Could you print exactly the lines of the listing below, starting at the line that has "Polyporus brumalis" and ending at the line that has "Oficina en alquiler", and only those lines?

— LISTED ENTRIES —
***
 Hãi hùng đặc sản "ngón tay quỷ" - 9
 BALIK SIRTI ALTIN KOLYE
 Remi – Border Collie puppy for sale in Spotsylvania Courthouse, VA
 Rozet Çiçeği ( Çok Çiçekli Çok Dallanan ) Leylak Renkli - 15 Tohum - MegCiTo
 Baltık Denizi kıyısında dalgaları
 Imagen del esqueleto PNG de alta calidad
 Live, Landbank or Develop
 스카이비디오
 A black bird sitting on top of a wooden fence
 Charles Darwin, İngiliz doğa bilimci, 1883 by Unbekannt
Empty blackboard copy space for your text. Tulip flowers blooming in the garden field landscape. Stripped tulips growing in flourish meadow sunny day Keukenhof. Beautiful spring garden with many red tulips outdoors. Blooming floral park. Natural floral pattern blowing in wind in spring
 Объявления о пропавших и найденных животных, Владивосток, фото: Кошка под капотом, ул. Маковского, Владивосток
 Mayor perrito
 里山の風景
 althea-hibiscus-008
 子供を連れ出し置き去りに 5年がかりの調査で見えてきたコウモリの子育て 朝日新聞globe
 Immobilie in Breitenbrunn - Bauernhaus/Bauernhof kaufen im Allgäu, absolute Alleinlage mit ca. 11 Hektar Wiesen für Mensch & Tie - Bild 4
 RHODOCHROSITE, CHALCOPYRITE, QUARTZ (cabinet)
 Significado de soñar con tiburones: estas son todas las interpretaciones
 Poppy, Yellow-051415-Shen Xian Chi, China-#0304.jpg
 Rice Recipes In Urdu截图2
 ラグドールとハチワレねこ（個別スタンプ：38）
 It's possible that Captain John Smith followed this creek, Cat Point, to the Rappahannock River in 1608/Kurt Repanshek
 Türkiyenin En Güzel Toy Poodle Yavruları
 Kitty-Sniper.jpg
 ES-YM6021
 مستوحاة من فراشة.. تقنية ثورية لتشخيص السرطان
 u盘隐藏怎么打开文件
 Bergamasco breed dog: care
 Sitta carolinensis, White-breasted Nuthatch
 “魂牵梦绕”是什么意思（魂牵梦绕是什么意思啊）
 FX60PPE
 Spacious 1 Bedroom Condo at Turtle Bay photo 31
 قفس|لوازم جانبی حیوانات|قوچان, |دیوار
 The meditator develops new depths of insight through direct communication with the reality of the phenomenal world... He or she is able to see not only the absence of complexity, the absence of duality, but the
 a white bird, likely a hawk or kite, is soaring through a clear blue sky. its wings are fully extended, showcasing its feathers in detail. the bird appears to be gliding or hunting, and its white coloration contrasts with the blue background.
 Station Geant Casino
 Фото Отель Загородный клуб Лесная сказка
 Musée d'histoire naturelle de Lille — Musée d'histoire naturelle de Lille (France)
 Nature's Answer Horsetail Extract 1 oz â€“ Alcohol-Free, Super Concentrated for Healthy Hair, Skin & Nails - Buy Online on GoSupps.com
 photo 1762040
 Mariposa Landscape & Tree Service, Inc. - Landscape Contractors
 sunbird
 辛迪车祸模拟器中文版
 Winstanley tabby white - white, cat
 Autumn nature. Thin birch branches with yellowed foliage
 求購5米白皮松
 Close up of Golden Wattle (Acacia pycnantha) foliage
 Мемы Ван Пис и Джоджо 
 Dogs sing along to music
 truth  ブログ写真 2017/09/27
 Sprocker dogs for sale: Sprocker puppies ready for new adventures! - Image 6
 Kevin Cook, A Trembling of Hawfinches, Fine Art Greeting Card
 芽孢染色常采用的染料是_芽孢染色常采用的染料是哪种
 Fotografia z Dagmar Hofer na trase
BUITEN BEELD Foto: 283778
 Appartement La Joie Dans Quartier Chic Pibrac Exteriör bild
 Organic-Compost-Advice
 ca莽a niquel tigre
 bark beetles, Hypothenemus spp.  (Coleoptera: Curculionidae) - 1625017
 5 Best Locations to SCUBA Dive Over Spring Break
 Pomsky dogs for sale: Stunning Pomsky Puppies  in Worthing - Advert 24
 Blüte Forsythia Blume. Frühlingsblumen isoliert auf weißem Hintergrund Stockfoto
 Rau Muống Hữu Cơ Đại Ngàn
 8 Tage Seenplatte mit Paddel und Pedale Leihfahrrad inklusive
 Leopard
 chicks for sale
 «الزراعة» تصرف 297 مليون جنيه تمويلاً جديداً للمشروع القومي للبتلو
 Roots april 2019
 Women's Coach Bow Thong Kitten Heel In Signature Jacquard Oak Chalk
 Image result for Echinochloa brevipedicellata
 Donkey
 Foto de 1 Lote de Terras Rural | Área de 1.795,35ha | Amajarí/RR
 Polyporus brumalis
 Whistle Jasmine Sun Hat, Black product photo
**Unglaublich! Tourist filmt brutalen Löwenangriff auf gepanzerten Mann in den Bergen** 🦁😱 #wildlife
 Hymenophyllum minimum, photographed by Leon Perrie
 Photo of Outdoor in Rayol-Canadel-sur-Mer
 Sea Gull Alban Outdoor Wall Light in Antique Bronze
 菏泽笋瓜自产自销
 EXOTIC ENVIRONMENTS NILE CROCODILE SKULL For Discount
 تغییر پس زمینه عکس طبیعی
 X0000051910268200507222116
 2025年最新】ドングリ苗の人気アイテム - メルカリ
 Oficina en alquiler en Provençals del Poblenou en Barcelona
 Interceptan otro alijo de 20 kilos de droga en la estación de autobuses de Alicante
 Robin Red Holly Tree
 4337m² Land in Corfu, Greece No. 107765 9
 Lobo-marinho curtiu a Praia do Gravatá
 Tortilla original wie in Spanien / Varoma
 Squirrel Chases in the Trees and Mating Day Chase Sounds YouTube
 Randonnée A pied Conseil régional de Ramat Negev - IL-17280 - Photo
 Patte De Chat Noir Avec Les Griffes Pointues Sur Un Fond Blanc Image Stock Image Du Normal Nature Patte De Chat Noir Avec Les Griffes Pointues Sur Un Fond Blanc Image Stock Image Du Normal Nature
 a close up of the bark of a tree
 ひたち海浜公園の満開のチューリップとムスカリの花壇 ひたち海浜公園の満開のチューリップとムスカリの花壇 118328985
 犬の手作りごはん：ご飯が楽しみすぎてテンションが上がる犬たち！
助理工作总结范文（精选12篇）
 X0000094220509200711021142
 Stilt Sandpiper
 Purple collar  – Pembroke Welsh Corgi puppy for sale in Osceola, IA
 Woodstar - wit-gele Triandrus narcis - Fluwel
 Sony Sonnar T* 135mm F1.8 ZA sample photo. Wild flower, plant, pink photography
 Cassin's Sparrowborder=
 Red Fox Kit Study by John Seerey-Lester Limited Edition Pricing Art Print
***
— WRITTEN ANSWER —
 Polyporus brumalis
 Whistle Jasmine Sun Hat, Black product photo
**Unglaublich! Tourist filmt brutalen Löwenangriff auf gepanzerten Mann in den Bergen** 🦁😱 #wildlife
 Hymenophyllum minimum, photographed by Leon Perrie
 Photo of Outdoor in Rayol-Canadel-sur-Mer
 Sea Gull Alban Outdoor Wall Light in Antique Bronze
 菏泽笋瓜自产自销
 EXOTIC ENVIRONMENTS NILE CROCODILE SKULL For Discount
 تغییر پس زمینه عکس طبیعی
 X0000051910268200507222116
 2025年最新】ドングリ苗の人気アイテム - メルカリ
 Oficina en alquiler en Provençals del Poblenou en Barcelona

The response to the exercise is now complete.